**What you have to do**.
Down to the final character, output the records below as they stand.

:: Information provided ::

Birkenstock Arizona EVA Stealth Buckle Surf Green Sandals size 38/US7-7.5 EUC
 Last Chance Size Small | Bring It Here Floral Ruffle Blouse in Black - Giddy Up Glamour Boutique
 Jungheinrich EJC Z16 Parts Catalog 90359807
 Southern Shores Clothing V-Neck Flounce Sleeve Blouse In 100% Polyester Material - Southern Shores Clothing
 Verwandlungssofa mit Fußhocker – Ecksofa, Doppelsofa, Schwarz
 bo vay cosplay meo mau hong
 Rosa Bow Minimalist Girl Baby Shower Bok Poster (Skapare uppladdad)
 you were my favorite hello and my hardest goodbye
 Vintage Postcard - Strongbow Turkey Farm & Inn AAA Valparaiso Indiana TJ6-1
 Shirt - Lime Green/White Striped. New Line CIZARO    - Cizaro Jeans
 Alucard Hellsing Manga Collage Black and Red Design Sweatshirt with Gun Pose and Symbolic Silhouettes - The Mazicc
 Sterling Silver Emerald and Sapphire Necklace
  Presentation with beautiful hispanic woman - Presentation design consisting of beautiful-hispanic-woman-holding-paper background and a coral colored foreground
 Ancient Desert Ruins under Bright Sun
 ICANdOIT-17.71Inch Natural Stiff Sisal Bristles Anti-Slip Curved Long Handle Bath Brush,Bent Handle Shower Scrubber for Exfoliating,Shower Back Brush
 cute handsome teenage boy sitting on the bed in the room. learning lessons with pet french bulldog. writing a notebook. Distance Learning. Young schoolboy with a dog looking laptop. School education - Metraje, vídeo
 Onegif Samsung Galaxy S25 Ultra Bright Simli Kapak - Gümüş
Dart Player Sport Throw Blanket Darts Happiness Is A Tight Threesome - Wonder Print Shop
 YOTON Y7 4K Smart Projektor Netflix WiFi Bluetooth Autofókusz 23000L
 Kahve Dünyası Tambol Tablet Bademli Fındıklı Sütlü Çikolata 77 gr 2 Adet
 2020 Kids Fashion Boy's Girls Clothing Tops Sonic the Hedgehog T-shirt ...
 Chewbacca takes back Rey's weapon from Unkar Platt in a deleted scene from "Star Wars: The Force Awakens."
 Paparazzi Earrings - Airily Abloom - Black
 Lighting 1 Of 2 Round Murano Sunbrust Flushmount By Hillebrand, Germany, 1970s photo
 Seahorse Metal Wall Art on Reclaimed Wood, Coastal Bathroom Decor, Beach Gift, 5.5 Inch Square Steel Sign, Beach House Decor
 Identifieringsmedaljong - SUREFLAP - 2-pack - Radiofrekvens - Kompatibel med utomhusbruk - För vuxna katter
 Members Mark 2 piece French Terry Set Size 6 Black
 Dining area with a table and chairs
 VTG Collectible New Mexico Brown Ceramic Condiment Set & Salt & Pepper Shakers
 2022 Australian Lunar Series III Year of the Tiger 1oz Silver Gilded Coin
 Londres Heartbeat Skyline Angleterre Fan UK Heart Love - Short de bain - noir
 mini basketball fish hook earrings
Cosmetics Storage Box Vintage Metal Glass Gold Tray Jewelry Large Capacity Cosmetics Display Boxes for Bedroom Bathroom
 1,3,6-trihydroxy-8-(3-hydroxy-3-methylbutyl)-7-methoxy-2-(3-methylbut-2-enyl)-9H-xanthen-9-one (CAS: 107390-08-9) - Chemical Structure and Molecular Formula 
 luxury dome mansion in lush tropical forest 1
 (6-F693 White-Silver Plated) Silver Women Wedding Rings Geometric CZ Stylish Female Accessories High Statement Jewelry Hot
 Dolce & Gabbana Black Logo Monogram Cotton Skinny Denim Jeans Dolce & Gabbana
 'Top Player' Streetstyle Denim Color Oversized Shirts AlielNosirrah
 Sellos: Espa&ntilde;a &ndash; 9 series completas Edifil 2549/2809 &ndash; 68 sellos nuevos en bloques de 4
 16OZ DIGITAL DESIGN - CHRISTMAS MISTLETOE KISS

:::

**Expected output**.
Birkenstock Arizona EVA Stealth Buckle Surf Green Sandals size 38/US7-7.5 EUC
 Last Chance Size Small | Bring It Here Floral Ruffle Blouse in Black - Giddy Up Glamour Boutique
 Jungheinrich EJC Z16 Parts Catalog 90359807
 Southern Shores Clothing V-Neck Flounce Sleeve Blouse In 100% Polyester Material - Southern Shores Clothing
 Verwandlungssofa mit Fußhocker – Ecksofa, Doppelsofa, Schwarz
 bo vay cosplay meo mau hong
 Rosa Bow Minimalist Girl Baby Shower Bok Poster (Skapare uppladdad)
 you were my favorite hello and my hardest goodbye
 Vintage Postcard - Strongbow Turkey Farm & Inn AAA Valparaiso Indiana TJ6-1
 Shirt - Lime Green/White Striped. New Line CIZARO    - Cizaro Jeans
 Alucard Hellsing Manga Collage Black and Red Design Sweatshirt with Gun Pose and Symbolic Silhouettes - The Mazicc
 Sterling Silver Emerald and Sapphire Necklace
  Presentation with beautiful hispanic woman - Presentation design consisting of beautiful-hispanic-woman-holding-paper background and a coral colored foreground
 Ancient Desert Ruins under Bright Sun
 ICANdOIT-17.71Inch Natural Stiff Sisal Bristles Anti-Slip Curved Long Handle Bath Brush,Bent Handle Shower Scrubber for Exfoliating,Shower Back Brush
 cute handsome teenage boy sitting on the bed in the room. learning lessons with pet french bulldog. writing a notebook. Distance Learning. Young schoolboy with a dog looking laptop. School education - Metraje, vídeo
 Onegif Samsung Galaxy S25 Ultra Bright Simli Kapak - Gümüş
Dart Player Sport Throw Blanket Darts Happiness Is A Tight Threesome - Wonder Print Shop
 YOTON Y7 4K Smart Projektor Netflix WiFi Bluetooth Autofókusz 23000L
 Kahve Dünyası Tambol Tablet Bademli Fındıklı Sütlü Çikolata 77 gr 2 Adet
 2020 Kids Fashion Boy's Girls Clothing Tops Sonic the Hedgehog T-shirt ...
 Chewbacca takes back Rey's weapon from Unkar Platt in a deleted scene from "Star Wars: The Force Awakens."
 Paparazzi Earrings - Airily Abloom - Black
 Lighting 1 Of 2 Round Murano Sunbrust Flushmount By Hillebrand, Germany, 1970s photo
 Seahorse Metal Wall Art on Reclaimed Wood, Coastal Bathroom Decor, Beach Gift, 5.5 Inch Square Steel Sign, Beach House Decor
 Identifieringsmedaljong - SUREFLAP - 2-pack - Radiofrekvens - Kompatibel med utomhusbruk - För vuxna katter
 Members Mark 2 piece French Terry Set Size 6 Black
 Dining area with a table and chairs
 VTG Collectible New Mexico Brown Ceramic Condiment Set & Salt & Pepper Shakers
 2022 Australian Lunar Series III Year of the Tiger 1oz Silver Gilded Coin
 Londres Heartbeat Skyline Angleterre Fan UK Heart Love - Short de bain - noir
 mini basketball fish hook earrings
Cosmetics Storage Box Vintage Metal Glass Gold Tray Jewelry Large Capacity Cosmetics Display Boxes for Bedroom Bathroom
 1,3,6-trihydroxy-8-(3-hydroxy-3-methylbutyl)-7-methoxy-2-(3-methylbut-2-enyl)-9H-xanthen-9-one (CAS: 107390-08-9) - Chemical Structure and Molecular Formula 
 luxury dome mansion in lush tropical forest 1
 (6-F693 White-Silver Plated) Silver Women Wedding Rings Geometric CZ Stylish Female Accessories High Statement Jewelry Hot
 Dolce & Gabbana Black Logo Monogram Cotton Skinny Denim Jeans Dolce & Gabbana
 'Top Player' Streetstyle Denim Color Oversized Shirts AlielNosirrah
 Sellos: Espa&ntilde;a &ndash; 9 series completas Edifil 2549/2809 &ndash; 68 sellos nuevos en bloques de 4
 16OZ DIGITAL DESIGN - CHRISTMAS MISTLETOE KISS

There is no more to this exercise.